Data to use: Begin

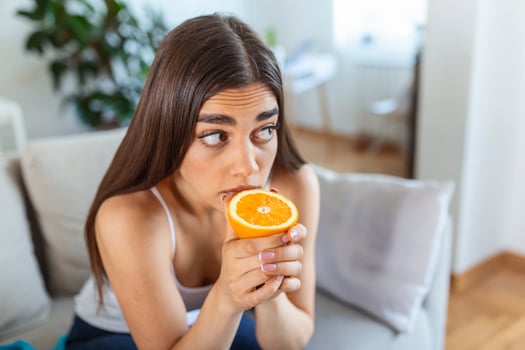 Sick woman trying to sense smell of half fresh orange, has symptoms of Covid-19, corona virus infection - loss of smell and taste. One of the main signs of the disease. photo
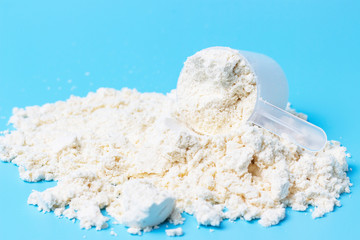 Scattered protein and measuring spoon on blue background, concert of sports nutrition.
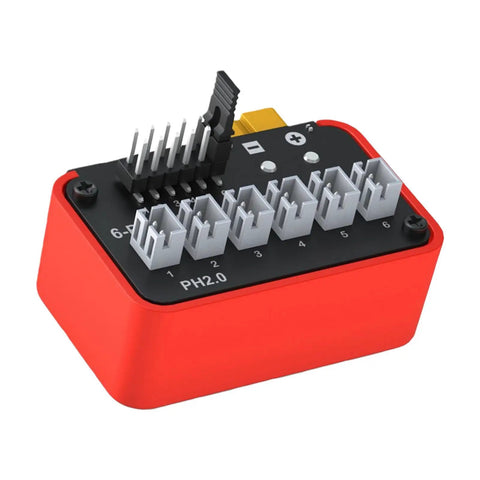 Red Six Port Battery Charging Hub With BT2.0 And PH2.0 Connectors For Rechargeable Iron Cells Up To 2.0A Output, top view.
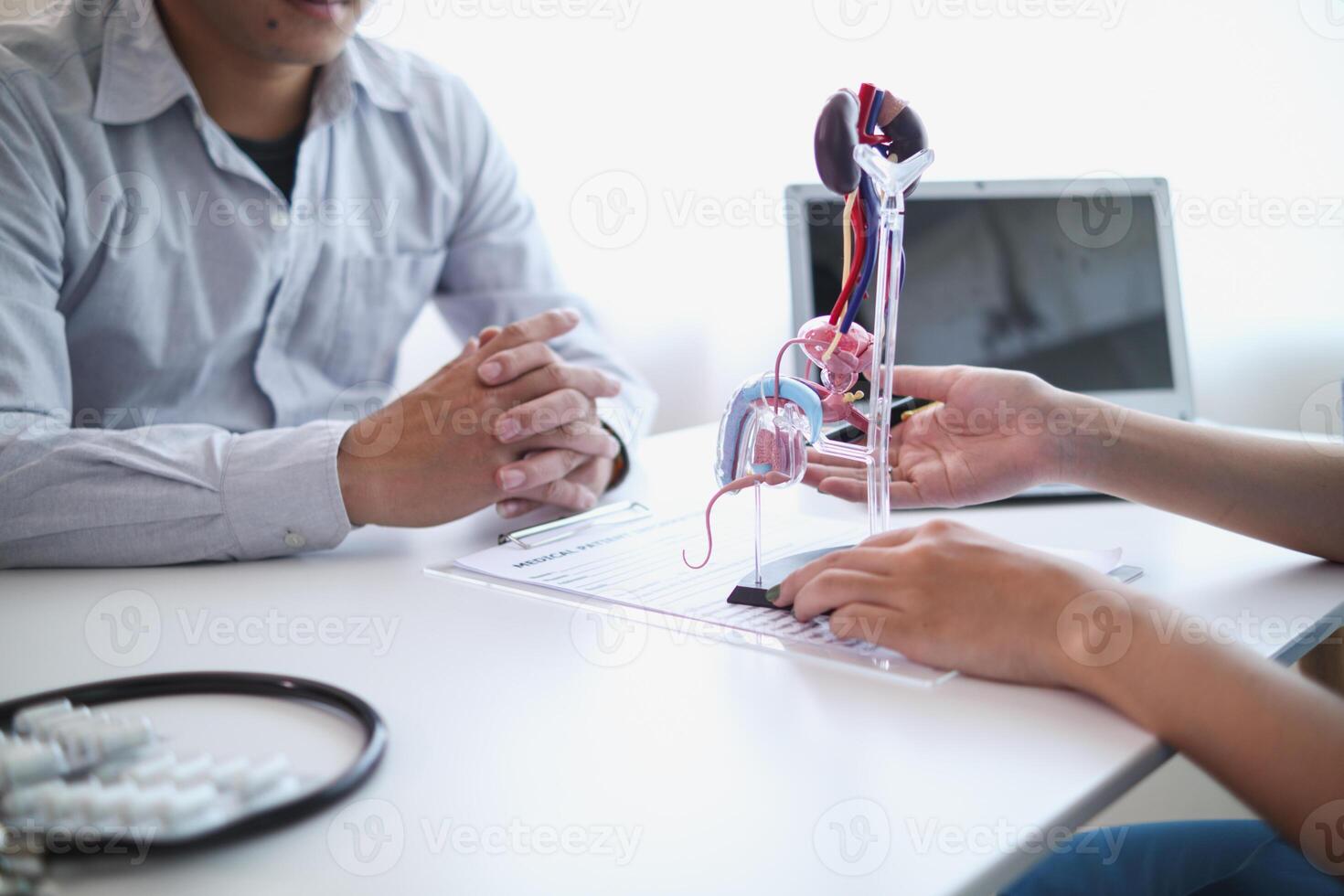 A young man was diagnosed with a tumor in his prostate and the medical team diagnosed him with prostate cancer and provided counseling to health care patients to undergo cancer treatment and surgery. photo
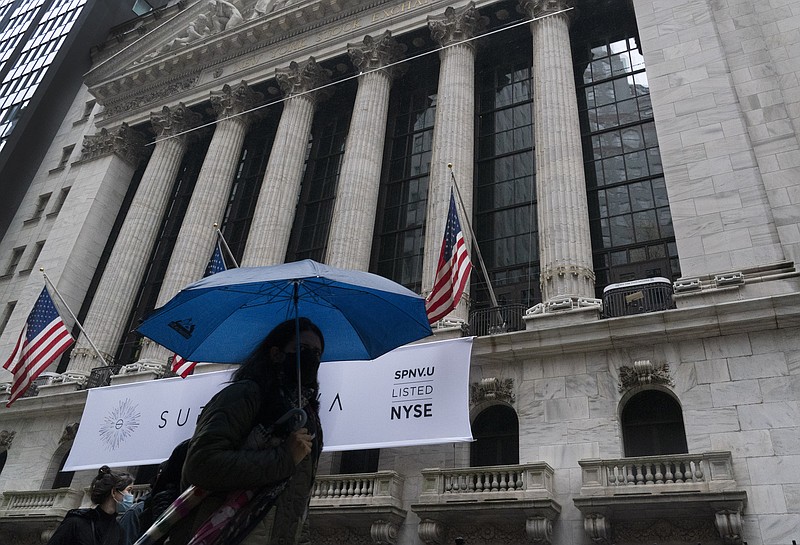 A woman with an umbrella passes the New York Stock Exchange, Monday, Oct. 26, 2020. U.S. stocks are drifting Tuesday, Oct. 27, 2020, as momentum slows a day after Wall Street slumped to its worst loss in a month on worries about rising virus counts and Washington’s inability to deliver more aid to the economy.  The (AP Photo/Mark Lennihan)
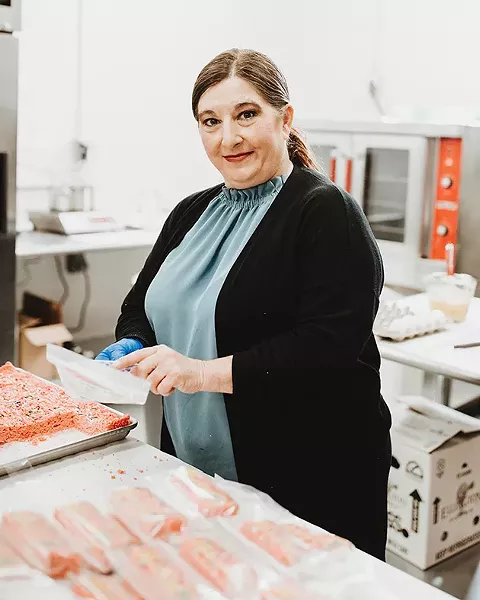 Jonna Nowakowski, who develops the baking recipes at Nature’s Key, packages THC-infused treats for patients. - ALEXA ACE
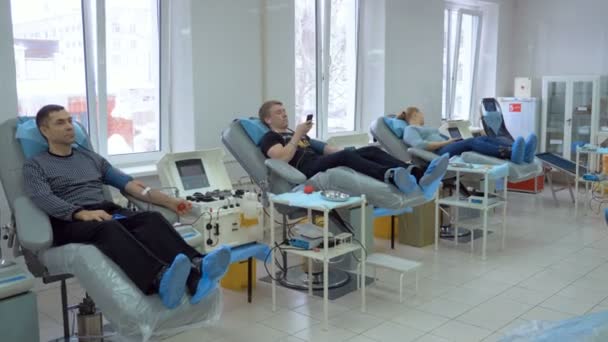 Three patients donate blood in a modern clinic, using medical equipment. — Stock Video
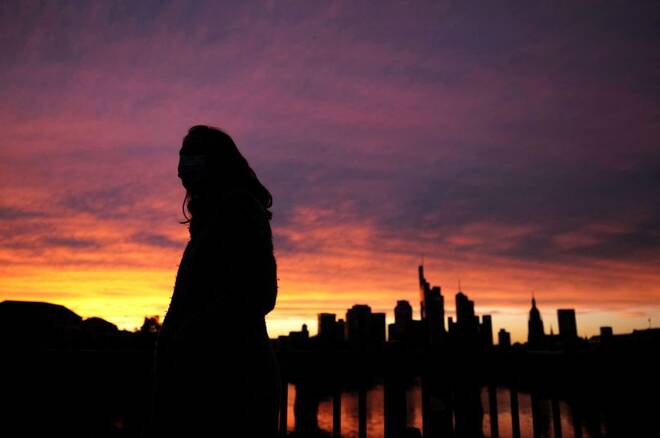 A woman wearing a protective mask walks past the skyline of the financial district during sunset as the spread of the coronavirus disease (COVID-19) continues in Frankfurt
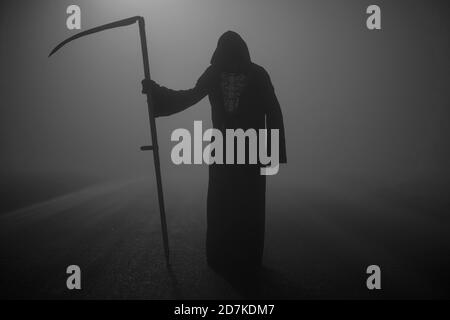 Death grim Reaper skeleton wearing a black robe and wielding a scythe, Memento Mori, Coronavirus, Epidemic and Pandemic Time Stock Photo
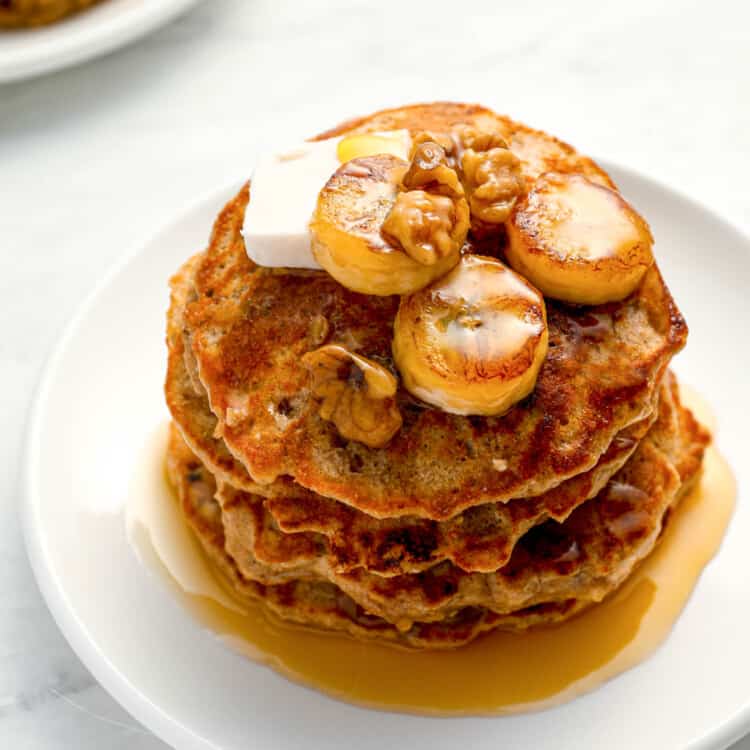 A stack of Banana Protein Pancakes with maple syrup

Data to use: End

• _Exercise aim_: Please copy the records above word for word, omitting every picture.

• _Exercise solution_:
 Sick woman trying to sense smell of half fresh orange, has symptoms of Covid-19, corona virus infection - loss of smell and taste. One of the main signs of the disease. photo
 Scattered protein and measuring spoon on blue background, concert of sports nutrition.
 Red Six Port Battery Charging Hub With BT2.0 And PH2.0 Connectors For Rechargeable Iron Cells Up To 2.0A Output, top view.
 A young man was diagnosed with a tumor in his prostate and the medical team diagnosed him with prostate cancer and provided counseling to health care patients to undergo cancer treatment and surgery. photo
 A woman with an umbrella passes the New York Stock Exchange, Monday, Oct. 26, 2020. U.S. stocks are drifting Tuesday, Oct. 27, 2020, as momentum slows a day after Wall Street slumped to its worst loss in a month on worries about rising virus counts and Washington’s inability to deliver more aid to the economy.  The (AP Photo/Mark Lennihan)
 Jonna Nowakowski, who develops the baking recipes at Nature’s Key, packages THC-infused treats for patients. - ALEXA ACE
 Three patients donate blood in a modern clinic, using medical equipment. — Stock Video
 A woman wearing a protective mask walks past the skyline of the financial district during sunset as the spread of the coronavirus disease (COVID-19) continues in Frankfurt
 Death grim Reaper skeleton wearing a black robe and wielding a scythe, Memento Mori, Coronavirus, Epidemic and Pandemic Time Stock Photo
 A stack of Banana Protein Pancakes with maple syrup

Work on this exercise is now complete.